Used NLP techniques (tokenization, stemming, vectorization for TF-IDF) and clustering algorithms (Kmeans and Hierarchical clustering) to mine the "similarities" between films based on their plots provided by IMBD and Wikipedia. The dataset contains the titles of the top 100 movies on IMDb.

Primary LanguagePython

Modeling Film Similarity with NLP & Clustering Algorithms


This project entails using Natural Language Processing (NLP) techniques (ie: regular expressions, tokenization, stemming, vectorization for TF-IDF) and clustering algorithms (KMeans and Hierarchical clustering) in Python to model the "similarities" between films based on their plots provided by IMDb and Wikipedia. The dataset contains the titles of the top 100 movies on IMDb.

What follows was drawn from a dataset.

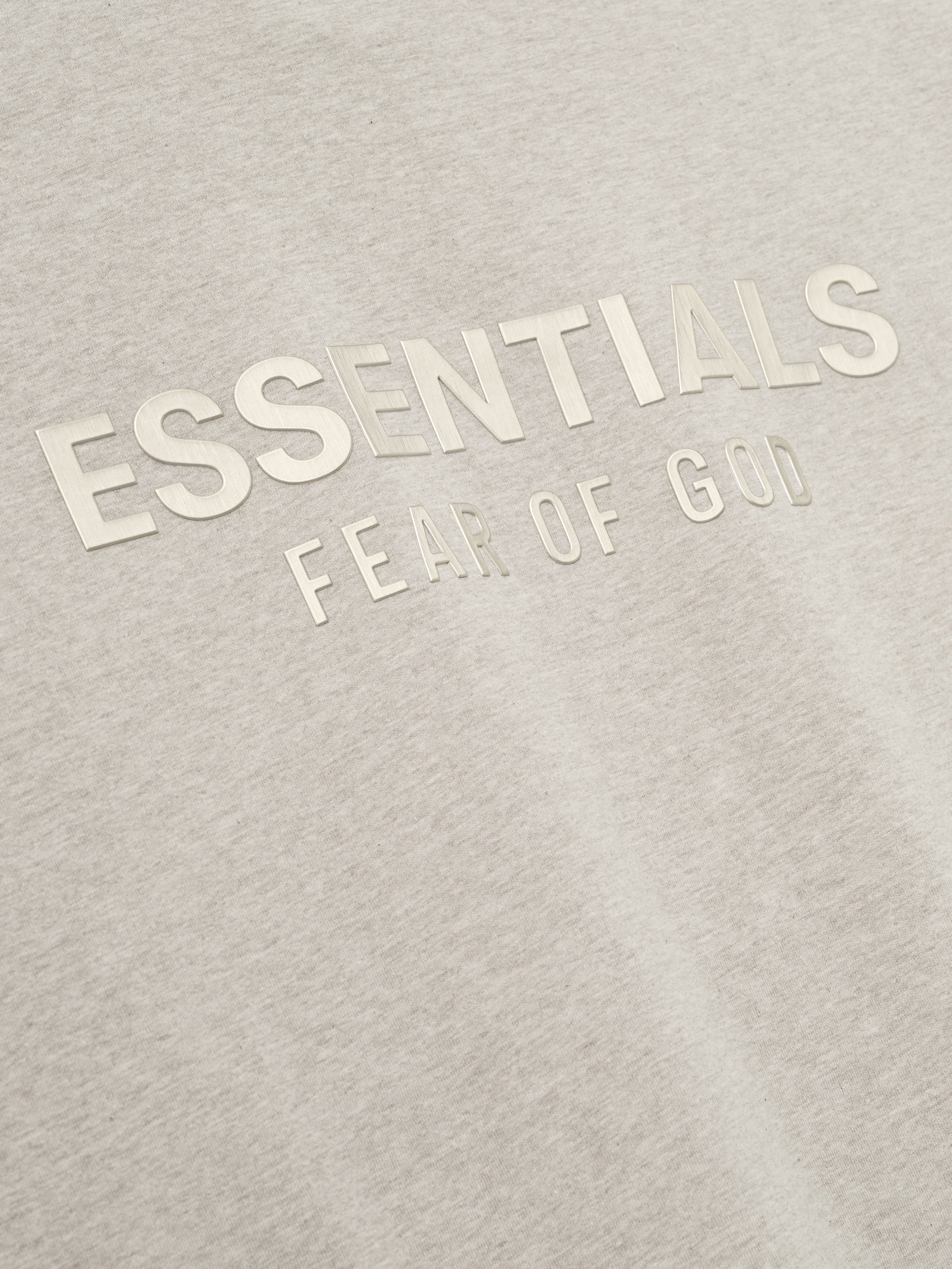 Classic Tee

Steps taken include the following:

1. Combining Plot Data

Merging the Wikipedia and IMDb plots

2. Tokenization

Breaking out the sentences and words in the plots

3. Stemming

Stemming the word tokens to their base form

4. Creating TF-IDF

Creating the term frequency inverse document frequency object

5. Computing Distance and Clusters

Computing the euclidean distance of common terminology across plots + leveraging the KMeans algorithm for clustering the distances

6. Calculating Similarity

Using max / complete linkage to compute the similarity between film plots

7. Visualization

Creating a dendrogram to visualize the films clustered together and their respective hierarchies.